The next section of the article focuses on how the EOCs focus efforts on top-priority challenges. For example, health camps were set up across Kano to provide not only vaccination against polio but also other health services and medicines. In an analysis of the impact of these health camps, the national and Kano State EOCs found a need to emphasise communication with traditional emirs and chiefs, religious leaders, and supporting organisations (such as the local Rotary polio survivors group) to reduce the level of noncompliance. In June and August 2014, inactivated polio vaccine (IPV) campaigns based in health camps covered areas of Borno and Yobe, places that were difficult to access through traditional house-to-house campaigns because of the insurgency affecting parts of northern Nigeria. The insurgency displaced millions of families and disrupted the healthcare networks, which were already weak, required for effective vaccination programmes, in addition to the direct threats against and murder of vaccinators. The national EOC, working with colleagues in the field, intervened to address these security challenges and to plan next steps for covering other challenging areas in Borno and Yobe.

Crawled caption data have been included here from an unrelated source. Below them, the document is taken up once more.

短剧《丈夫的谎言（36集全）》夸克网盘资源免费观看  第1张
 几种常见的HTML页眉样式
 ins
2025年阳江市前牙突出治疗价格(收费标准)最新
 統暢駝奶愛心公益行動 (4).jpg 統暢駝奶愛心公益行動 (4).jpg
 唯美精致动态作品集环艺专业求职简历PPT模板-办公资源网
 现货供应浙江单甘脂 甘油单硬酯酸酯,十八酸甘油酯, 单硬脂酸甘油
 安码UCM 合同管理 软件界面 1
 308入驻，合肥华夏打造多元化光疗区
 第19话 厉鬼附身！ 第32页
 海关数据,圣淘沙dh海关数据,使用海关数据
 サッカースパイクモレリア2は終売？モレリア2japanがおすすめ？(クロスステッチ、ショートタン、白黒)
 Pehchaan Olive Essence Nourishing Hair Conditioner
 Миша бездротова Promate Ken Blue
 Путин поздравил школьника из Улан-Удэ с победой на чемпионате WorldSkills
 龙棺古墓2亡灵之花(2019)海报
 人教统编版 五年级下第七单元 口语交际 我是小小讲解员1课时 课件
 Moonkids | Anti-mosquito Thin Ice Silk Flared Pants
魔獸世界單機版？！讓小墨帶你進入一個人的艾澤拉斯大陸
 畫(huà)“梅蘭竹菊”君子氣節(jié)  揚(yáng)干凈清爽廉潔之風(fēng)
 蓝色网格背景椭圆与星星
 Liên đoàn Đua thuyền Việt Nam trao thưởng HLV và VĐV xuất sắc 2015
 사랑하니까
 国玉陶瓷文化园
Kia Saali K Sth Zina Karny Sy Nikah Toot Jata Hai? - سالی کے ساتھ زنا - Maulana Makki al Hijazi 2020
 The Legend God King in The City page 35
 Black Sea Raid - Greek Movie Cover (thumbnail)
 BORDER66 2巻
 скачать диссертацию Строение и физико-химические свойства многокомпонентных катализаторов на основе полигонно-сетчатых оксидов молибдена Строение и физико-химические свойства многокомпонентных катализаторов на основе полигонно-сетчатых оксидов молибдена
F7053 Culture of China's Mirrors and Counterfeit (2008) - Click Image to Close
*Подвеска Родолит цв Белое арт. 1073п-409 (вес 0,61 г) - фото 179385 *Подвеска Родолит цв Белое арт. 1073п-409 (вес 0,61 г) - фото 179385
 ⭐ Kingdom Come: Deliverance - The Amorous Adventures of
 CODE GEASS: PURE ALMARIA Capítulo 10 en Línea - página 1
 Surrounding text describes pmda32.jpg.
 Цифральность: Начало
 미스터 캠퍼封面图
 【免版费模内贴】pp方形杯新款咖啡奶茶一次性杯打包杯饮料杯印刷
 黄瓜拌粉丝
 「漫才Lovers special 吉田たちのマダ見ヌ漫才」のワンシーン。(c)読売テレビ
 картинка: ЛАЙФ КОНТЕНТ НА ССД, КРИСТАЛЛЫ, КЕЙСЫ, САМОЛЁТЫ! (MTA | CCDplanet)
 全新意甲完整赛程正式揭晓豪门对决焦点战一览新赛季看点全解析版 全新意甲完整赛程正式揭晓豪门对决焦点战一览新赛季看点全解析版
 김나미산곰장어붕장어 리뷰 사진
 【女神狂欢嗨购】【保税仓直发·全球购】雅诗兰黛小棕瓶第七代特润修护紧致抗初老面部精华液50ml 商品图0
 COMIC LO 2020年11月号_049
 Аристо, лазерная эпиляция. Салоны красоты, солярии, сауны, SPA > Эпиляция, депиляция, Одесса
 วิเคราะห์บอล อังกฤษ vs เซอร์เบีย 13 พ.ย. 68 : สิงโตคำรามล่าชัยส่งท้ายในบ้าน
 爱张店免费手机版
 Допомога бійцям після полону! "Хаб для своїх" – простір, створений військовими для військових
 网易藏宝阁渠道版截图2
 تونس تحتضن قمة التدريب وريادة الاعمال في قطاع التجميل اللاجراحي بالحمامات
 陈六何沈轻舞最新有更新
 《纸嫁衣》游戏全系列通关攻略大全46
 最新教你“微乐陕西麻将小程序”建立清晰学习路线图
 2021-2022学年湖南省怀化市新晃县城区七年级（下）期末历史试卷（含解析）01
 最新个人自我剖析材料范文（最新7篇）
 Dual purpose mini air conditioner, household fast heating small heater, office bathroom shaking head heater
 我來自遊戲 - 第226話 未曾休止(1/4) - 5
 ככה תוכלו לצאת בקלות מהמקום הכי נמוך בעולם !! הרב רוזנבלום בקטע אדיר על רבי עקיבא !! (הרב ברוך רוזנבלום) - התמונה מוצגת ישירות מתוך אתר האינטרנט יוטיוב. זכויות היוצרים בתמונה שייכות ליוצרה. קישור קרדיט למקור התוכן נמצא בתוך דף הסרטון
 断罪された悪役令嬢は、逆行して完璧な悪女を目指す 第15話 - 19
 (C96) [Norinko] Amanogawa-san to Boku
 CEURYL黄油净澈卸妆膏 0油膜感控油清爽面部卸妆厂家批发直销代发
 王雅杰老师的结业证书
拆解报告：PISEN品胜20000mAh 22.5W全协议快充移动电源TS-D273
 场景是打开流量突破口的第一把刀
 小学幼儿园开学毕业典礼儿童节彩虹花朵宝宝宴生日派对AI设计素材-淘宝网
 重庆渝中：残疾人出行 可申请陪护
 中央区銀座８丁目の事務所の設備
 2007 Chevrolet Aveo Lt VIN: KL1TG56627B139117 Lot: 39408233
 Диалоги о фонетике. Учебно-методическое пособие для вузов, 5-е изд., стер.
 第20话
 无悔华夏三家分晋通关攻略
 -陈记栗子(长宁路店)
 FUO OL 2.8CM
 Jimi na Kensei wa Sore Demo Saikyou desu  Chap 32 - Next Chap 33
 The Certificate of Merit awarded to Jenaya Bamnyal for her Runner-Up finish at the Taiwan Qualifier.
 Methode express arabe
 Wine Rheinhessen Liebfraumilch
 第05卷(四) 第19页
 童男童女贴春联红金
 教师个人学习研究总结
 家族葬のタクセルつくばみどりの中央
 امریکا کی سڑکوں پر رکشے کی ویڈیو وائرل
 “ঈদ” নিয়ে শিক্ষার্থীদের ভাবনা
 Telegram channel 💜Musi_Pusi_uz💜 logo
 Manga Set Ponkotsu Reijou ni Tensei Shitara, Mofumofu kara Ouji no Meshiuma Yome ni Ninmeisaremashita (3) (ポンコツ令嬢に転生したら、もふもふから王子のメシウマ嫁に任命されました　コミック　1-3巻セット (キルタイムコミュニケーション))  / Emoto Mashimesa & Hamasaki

Finally, Desmarais offers some ideas for applying the lessons learned from Nigeria's EOCs' efforts to combat polio. Noting the importance of collaboration on the part of the Ministry of Health, state and local health agencies in the north, and all international partners, as well as an emergency posture with strong leadership and improved data collection from the field (with satellite imagery to identify communities being missed), Desmarais suggests that developing countries can consider applying these lessons to respond more effectively to other health challenges. For example, Nigeria's Ebola EOC ran on the polio EOC principles, particularly bringing together international organisations under the strong leadership of the national government to improve coordination and accountability, focusing on evolving high-priority initiatives, and using data-driven analysis. The EOC also worked hard to educate Nigerians about the disease, collaborating with local mobile phone operators and banks to send millions of text messages, along with frequent updates and other information on radio and television. Nigeria met the World Health Organization (WHO) requirement of no new Ebola cases over a 42-day period in 3 months and was declared free of Ebola transmission on October 20 2014. The WHO praised the Nigerian government's leadership and outstanding coordination, specifically mentioning the Ebola EOC. "In fact, a number of countries at risk for Ebola have deployed EOCs, and their earlier use in the affected countries would likely have improved the response."
McKinsey & Company website, February 8 2016.